Work to be completed
Only the lines from the one containing "Lipo Battery 2S" through the final line below belong in the output, copied exactly and without pictures.

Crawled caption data

——————

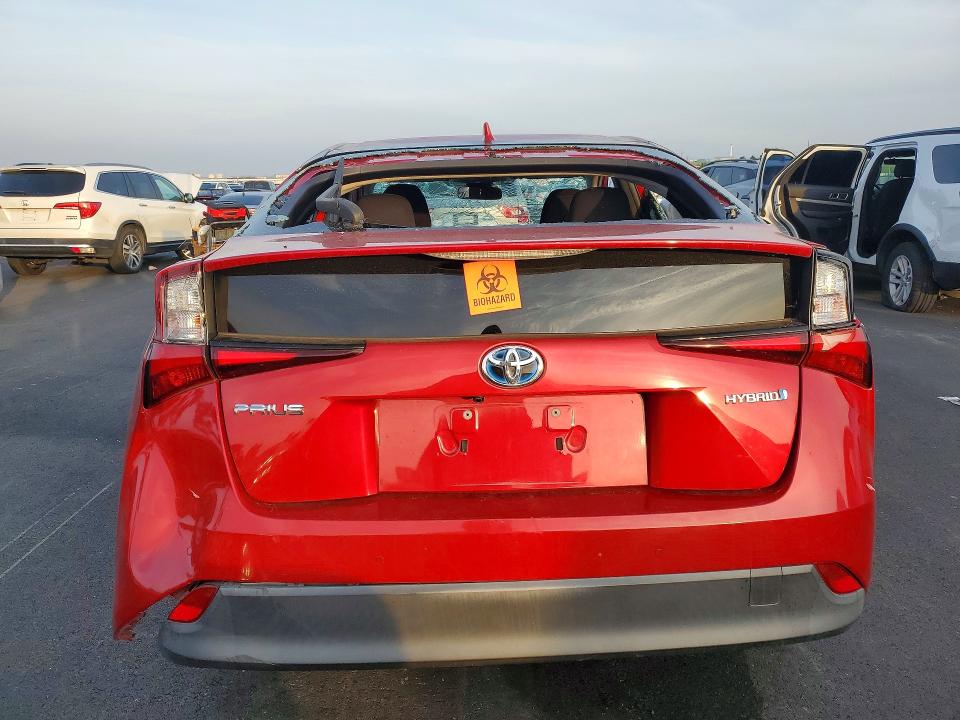 75678855 :رقم المزاد ، JTDKARFU1K3070256 vin ، 2019 Toyota Prius مزاد بيع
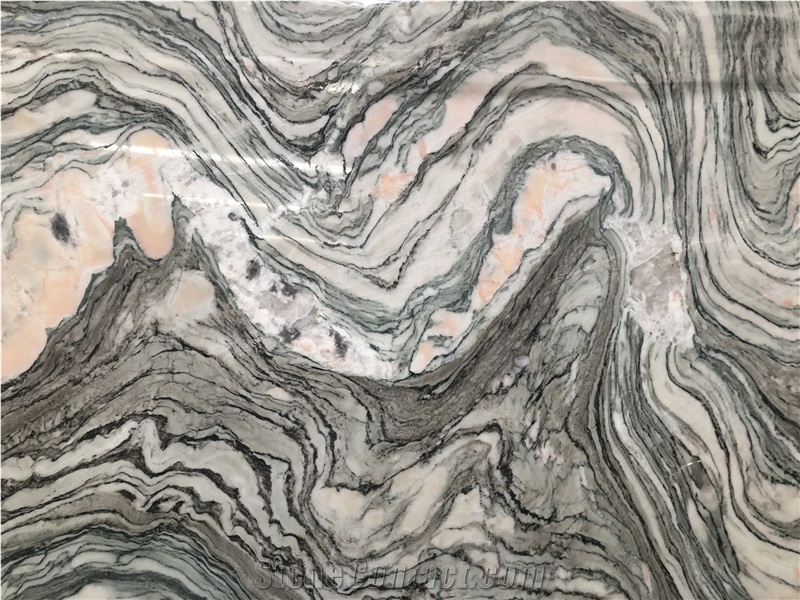 Polished Black Dune Marble Slabs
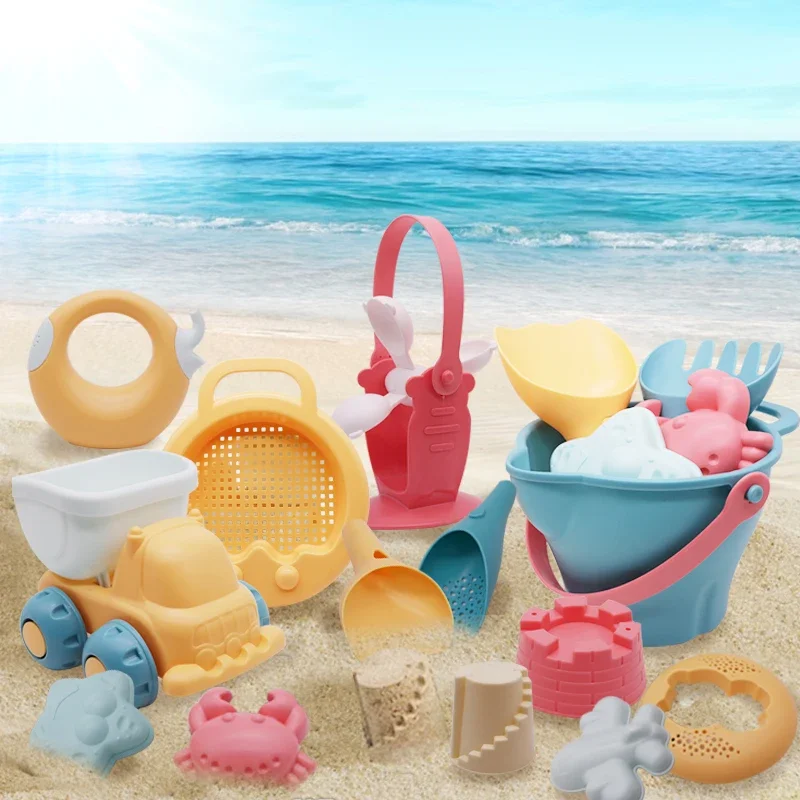 Soft Rubber Beach Toys Beach Water Play Sand Play Soft Material Summer Hot Selling Children's Water Play Toy Set 3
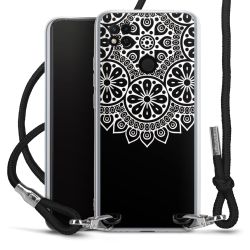 Carry Case Transparent Fabric black/silver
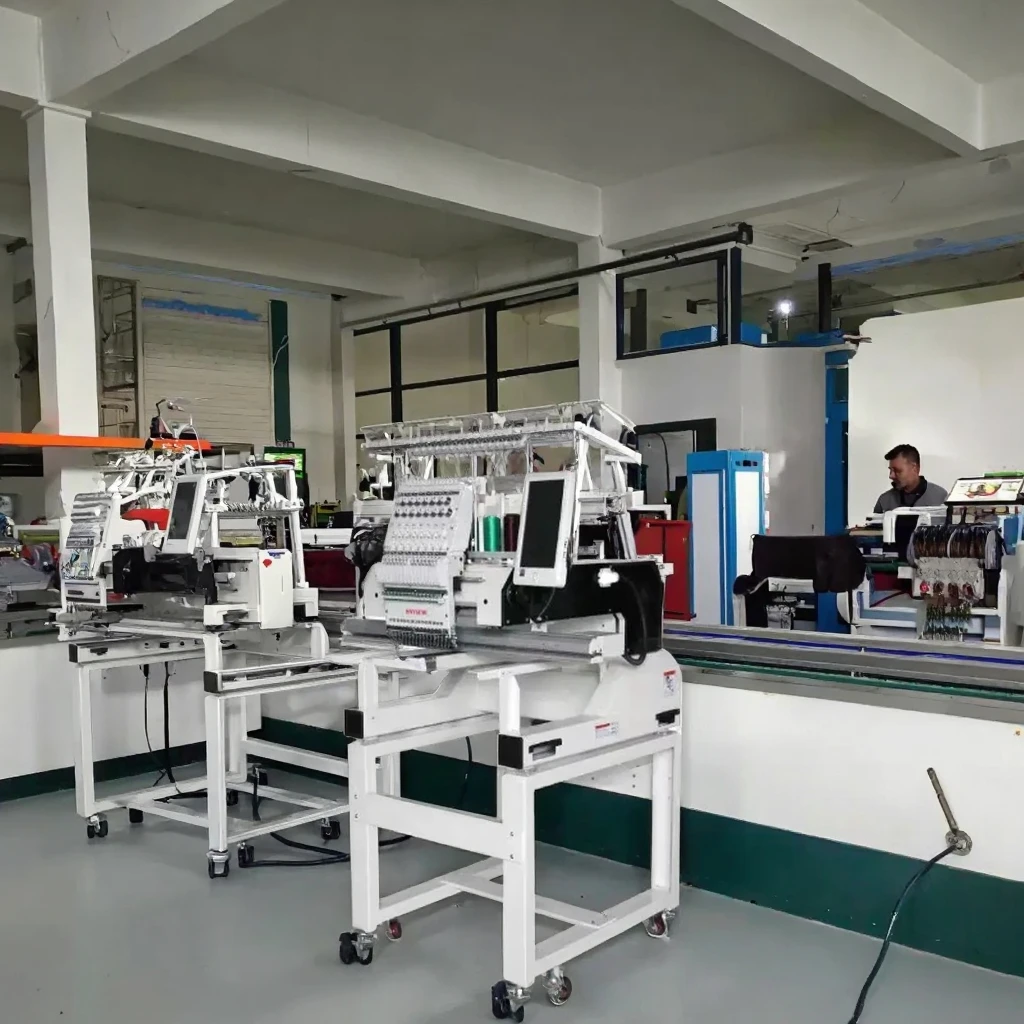 MBC 220v 1501/1201 Industrial Single Head 12/15 Needles Automatic High-Speed Computer Embroidery Machine
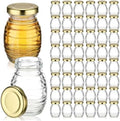 Baderke 3.4 oz Mini Honey Jars Party Favors, Small Glass Honey Jar with Lids Empty Glass Jars for Baby Shower Wedding Bridal Shower and Birthday Party Favors (48 Pcs) by Baderke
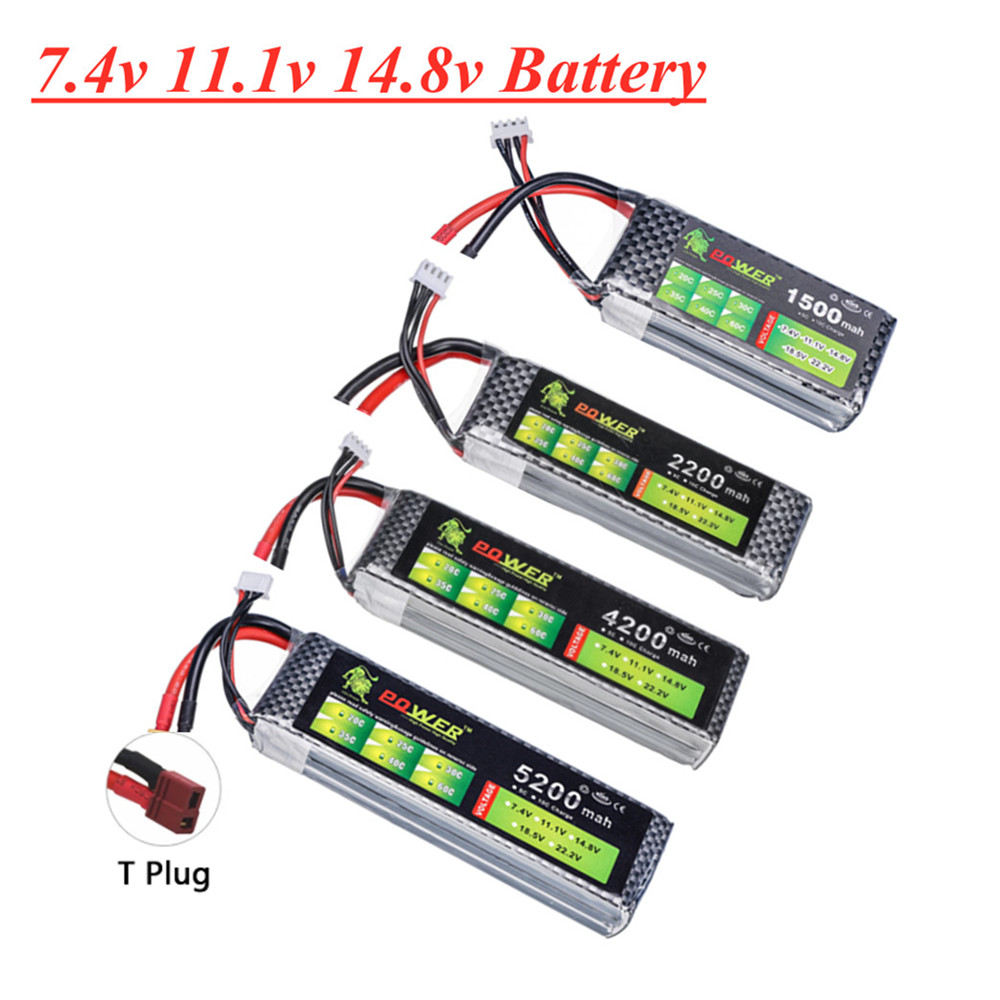 Lipo Battery 2S 3S 4S 1500mah  - 4S Lipo Battery 14.8V 6000Mah ulasan dan harga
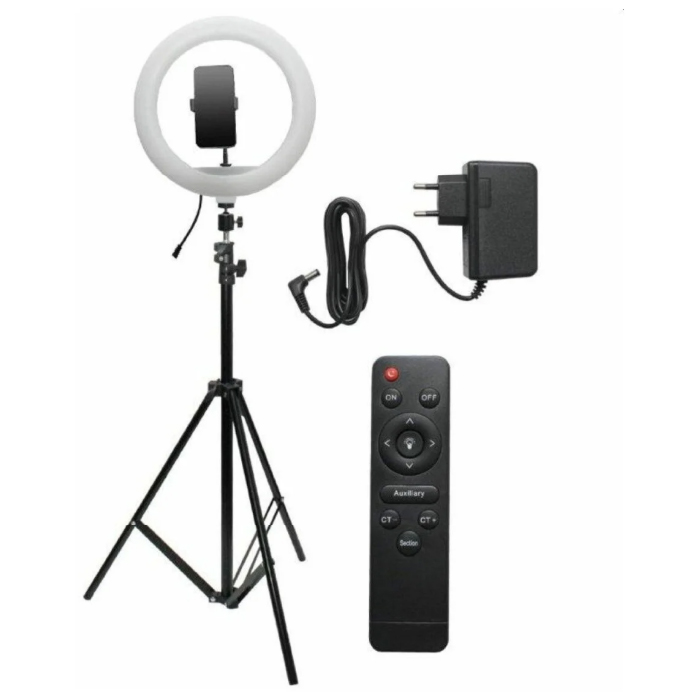 Кольцевая лампа на штативе LED Ring Fill Light (33 см) + штатив 2м Кольцевая лампа на штативе LED Ring Fill Light (33 см) + штатив 2м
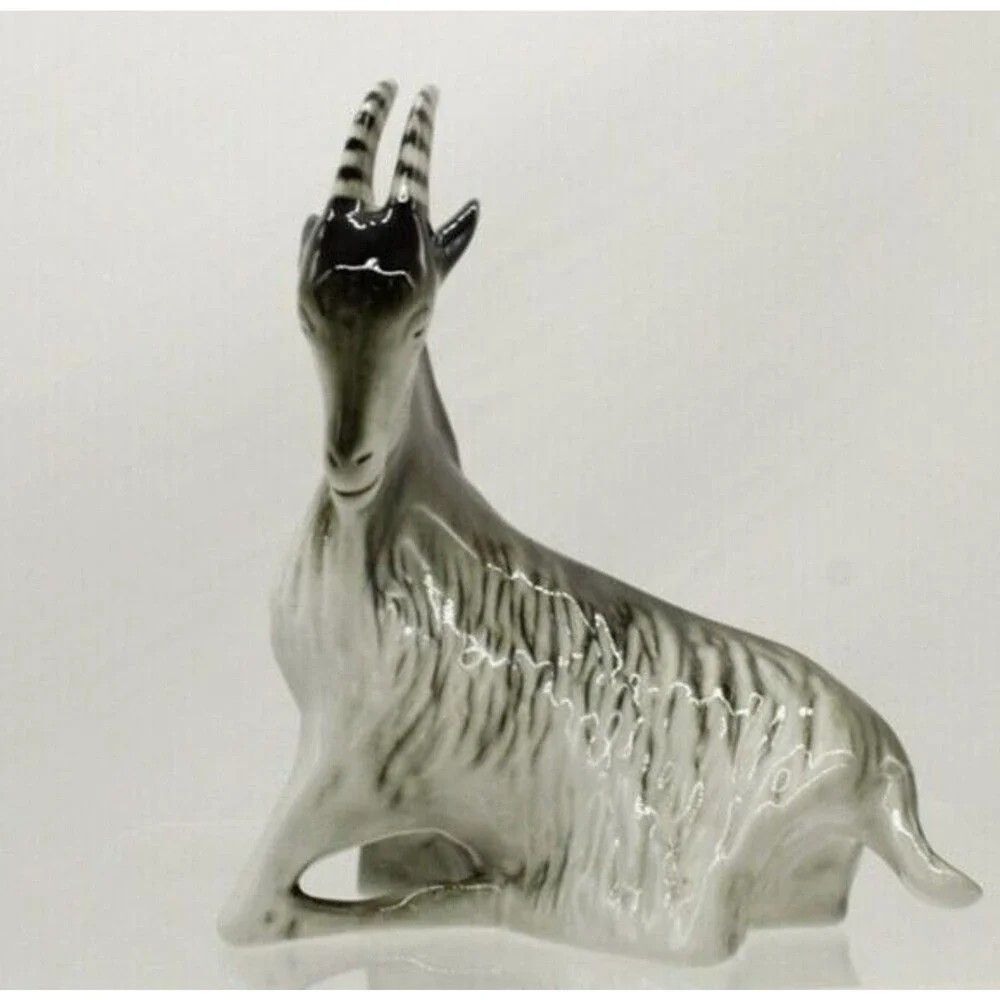 Royal Dux Bohemia Corsican Mountain Goat IBEX MINT in Original Box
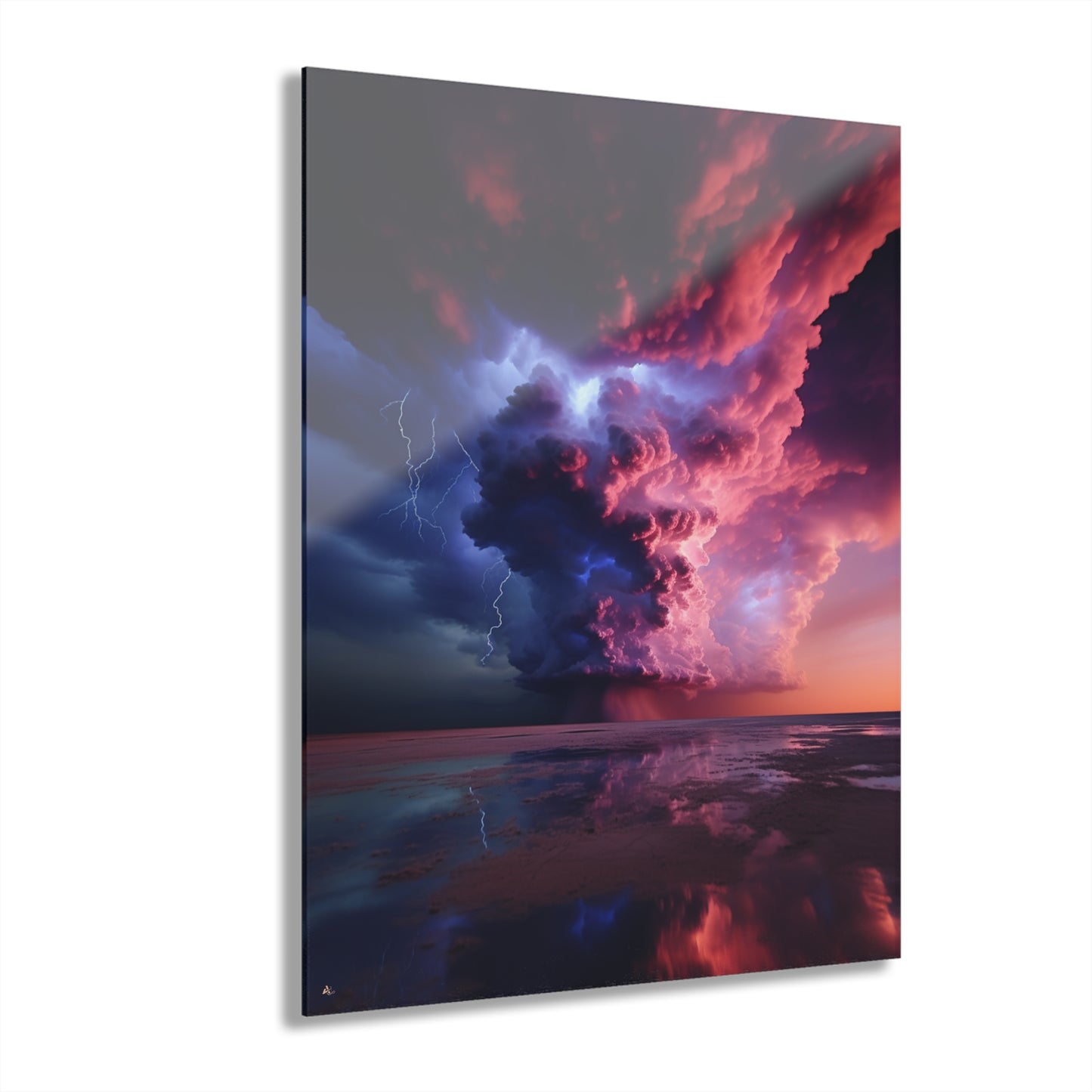 Thunderstruck, Landscape style, Concept Acrylic Wall Art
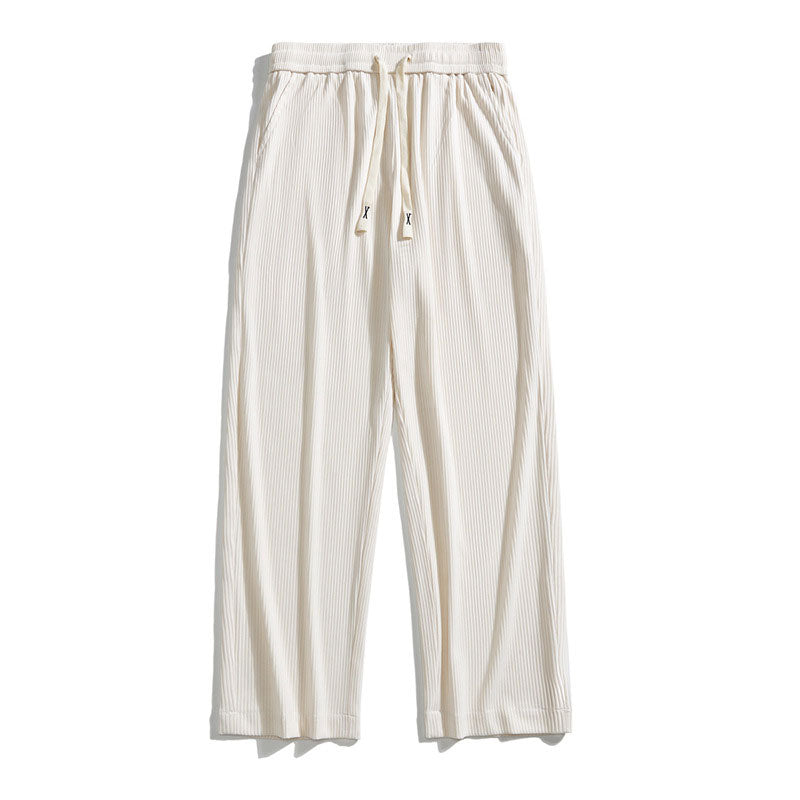 Men'S Straight Leg Solid Color Casual Pants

——————

Result of this exercise
 Lipo Battery 2S 3S 4S 1500mah  - 4S Lipo Battery 14.8V 6000Mah ulasan dan harga
 Кольцевая лампа на штативе LED Ring Fill Light (33 см) + штатив 2м Кольцевая лампа на штативе LED Ring Fill Light (33 см) + штатив 2м
 Royal Dux Bohemia Corsican Mountain Goat IBEX MINT in Original Box
 Thunderstruck, Landscape style, Concept Acrylic Wall Art
 Men'S Straight Leg Solid Color Casual Pants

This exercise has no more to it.